Tom leads Mitchum to the table farthest from the crowd dispersing from the performance. It’s littered with half-empty glasses. Half-full, Kevin would probably say. Tom is unhurried, his loping stride giving away none of his mission’s imperative. While they chat, a server comes to pick up the glasses.
Only it’s not a server. It’s Deonte.
He sets his tray down to collect the glassware. He’s expressionless, his efficient cleanup designed to be ignored. Of course, Mitchum ignores him. It was, I realized early in my planning phases, one of the upsides of the day’s setting. The wedding came with ranks of people no one would remember—servers, chefs, security guards—into which I could insert my conspirators without notice.
When Deonte lifts his tray back up, he leaves behind the cloth napkin he placed on the table, using the tray for cover. The napkin looks forgotten, as if it was there when “the server” first came over, but it wasn’t. Now it is. Right in front of Mitchum.
“The waiter,” Kevin exhales excitedly. “Is he in on it?”
With stiff professionality, I nod. “Rook has made the drop,” I confirm.
“Shit, you have code names? What’s yours?” Kevin asks.
“King.”
Kevin rubs his mouth in awe. “That’s so dope.” His eyes going round, he whips his gaze from the window to me. “Can I have one?”
“No.”
While he deflates, I pay him no regard. Instead, I keep watching out the window. Tom laughs, shoving his hands in his pockets with rakish confidence.… The control freak in me wishes I could hear them. The silent cinema of Knight’s charade past the heavy glass pane of the private theater is getting on my nerves.
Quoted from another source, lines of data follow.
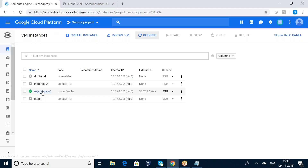I have successfully created my virtual machine instance using the command line. Thanks for watching my video. If you want more updates on Google Cloud Platform, please subscribe to my channel DWB videos. Thank you.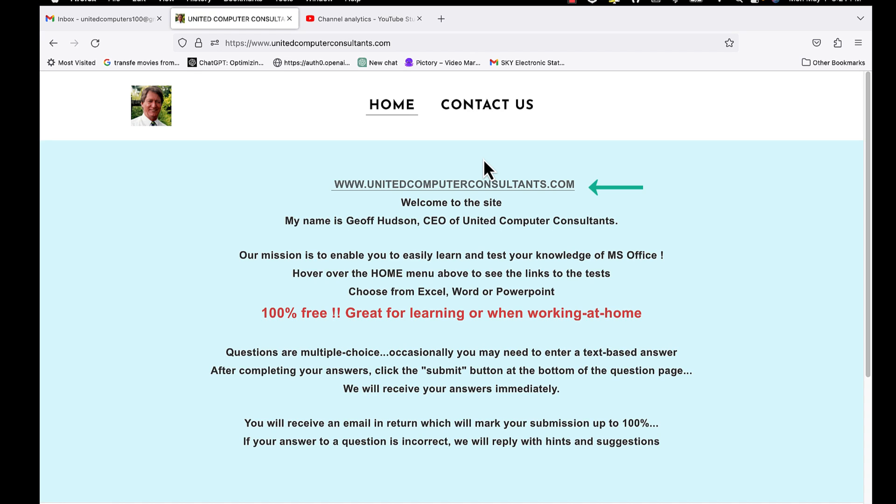Firstly, open the site at the address you see here. Click the link or type the address in your browser.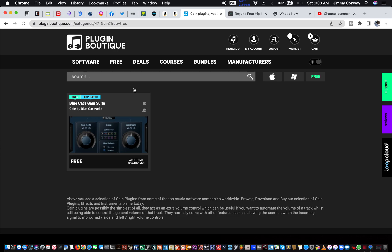And I hope this was helpful. This is your man, Jimmy Conway. If it's your first time here, please click the like button, please click the subscribe, and share this video with your friends if they need some VST effects for free.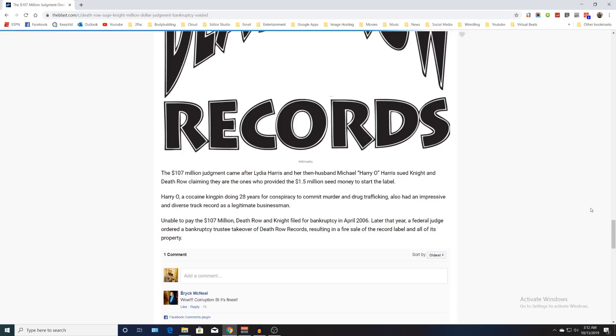If I was Suge Knight Jr., Suge Knight's son, I'd be on my way to jail right now to talk to my pops about this. Because he has everything to gain from this - there has to be some legal standing there or something they could do. Because this whole lawsuit is what caused Death Row Records to go bankrupt in the first place.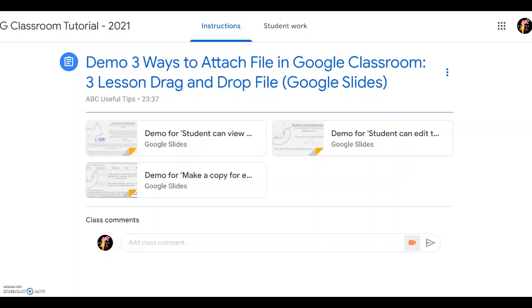Dear pal, welcome back to another AVC Useful Tip. And in this video, we're going to show you how to attach a file in Google Classroom Assignment in three simple ways.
Concluding the conversation, Tom hands Mitchum a card pulled neatly from his jacket pocket. It’s a nice touch, not one I knew about.
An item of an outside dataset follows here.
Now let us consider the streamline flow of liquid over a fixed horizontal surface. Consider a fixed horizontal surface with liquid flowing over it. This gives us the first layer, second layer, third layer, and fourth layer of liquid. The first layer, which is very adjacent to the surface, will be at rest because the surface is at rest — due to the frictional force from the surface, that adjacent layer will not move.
“Knight is retreating,” I say. “Pawn, are you ready?”
When I face McCoy, though, he looks as if he might be sick.
He starts pacing in small circles, muttering to himself. “Just remember, they’re terrible people. Terrible. They deserve a lot worse,” he counsels himself with urgency leaning into fervor. “Really nasty people.”
He collapses onto the couch in dismay, evidently having not inspired himself.
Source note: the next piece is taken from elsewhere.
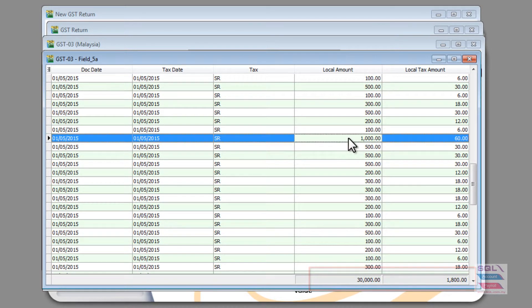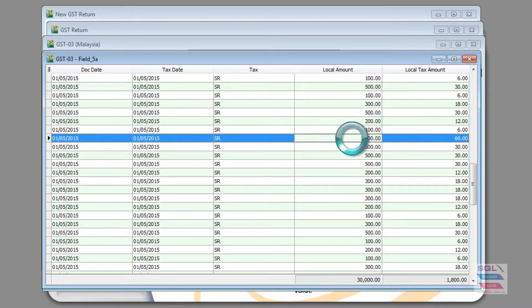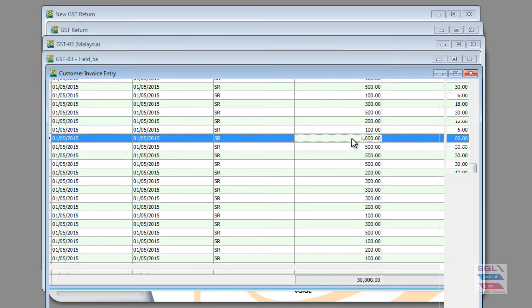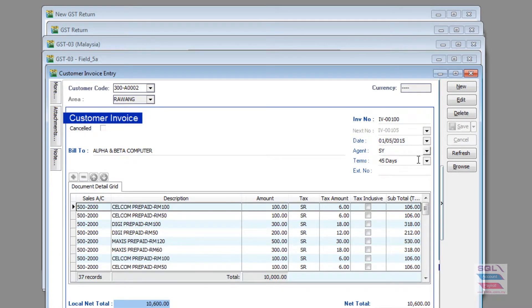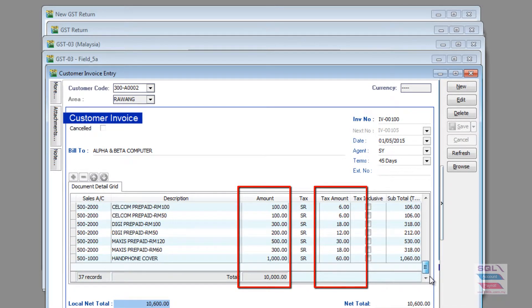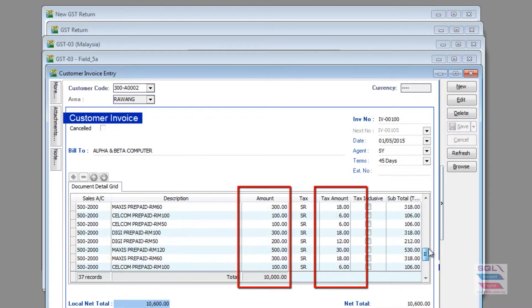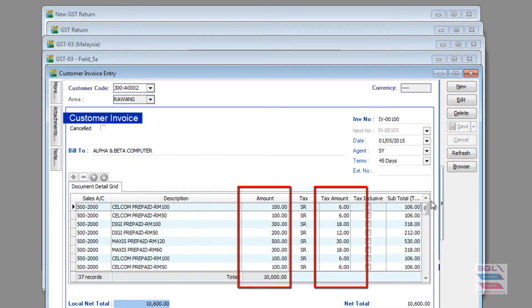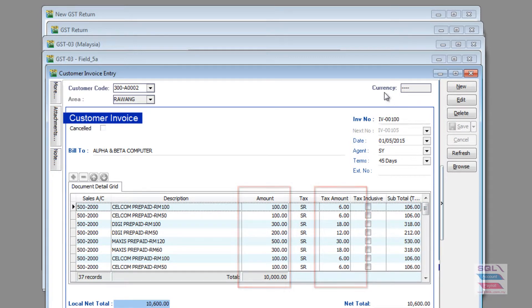And if I see a particular number that I'm interested in, I can double-click further to go down all the way to the source document that gives me my sales number as well as my taxation number.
I watch him with rising concern. Honestly, I’m starting to wonder if McCoy can even pull off the call. The guy is nervous. I figured years of lecturing ninth graders would lend itself to defenses against stage fright, even when the stage is his former student’s opulent home and the monologue is a ransom demand.
Put gently, I may have misjudged him.
It’s enough for my mind to start constructing ramshackle contingency plans. The next step needs to happen now, which means I’m out of opportunities to cut in Pawn’s replacement. I guess I could—
“Oh yeah, my dad is awful! You really shouldn’t feel bad,” Kevin interjects reassuringly. “Just last week, he had a family evicted from one of his properties because their labradoodle was ten pounds over his dog size limit.”
McCoy looks up. His eyes brighten as if someone’s just requested his opinions on eighteenth-century poetry. I glance to Kevin, grateful for the unexpected help.
“What else?” McCoy asks.
“Um.” Kevin presses his hands together, looking like he’s scouring his memory for his father’s misdeeds. While he obviously wasn’t expecting to play such a pivotal role in his own kidnapping, the new straightness of his shoulders says the job exhilarates him. He snaps his fingers, seizing on something. “He made my sister change before the wedding because her first dress wasn’t, quote-unquote, flattering.”
“Asshole,” I can’t help saying.
“Perfect!” McCoy exclaims. He looks liable to hit Mitchum instead of calling him for ransom. Honestly, he’s welcome to if it doesn’t interrupt other plans. “One more,” he prompts Kevin.
“He’s never done pro bono legal work in his life!” Kevin says like he’s shooting from the three-point line at the buzzer.
McCoy stands up, full of righteousness. “I’m doing this,” he declares, staring out the window framing our field of combat, where the cocktail tables stand like soldiers.
Kevin exchanges a proud look with me. I don’t bother to scowl in return. Kevin actually helped, and maybe some of his distasteful personality can be blamed on having a shitty dad.
McCoy pulls out his phone. He selects the contact I programmed into it last night.
It rings while everyone holds their breaths.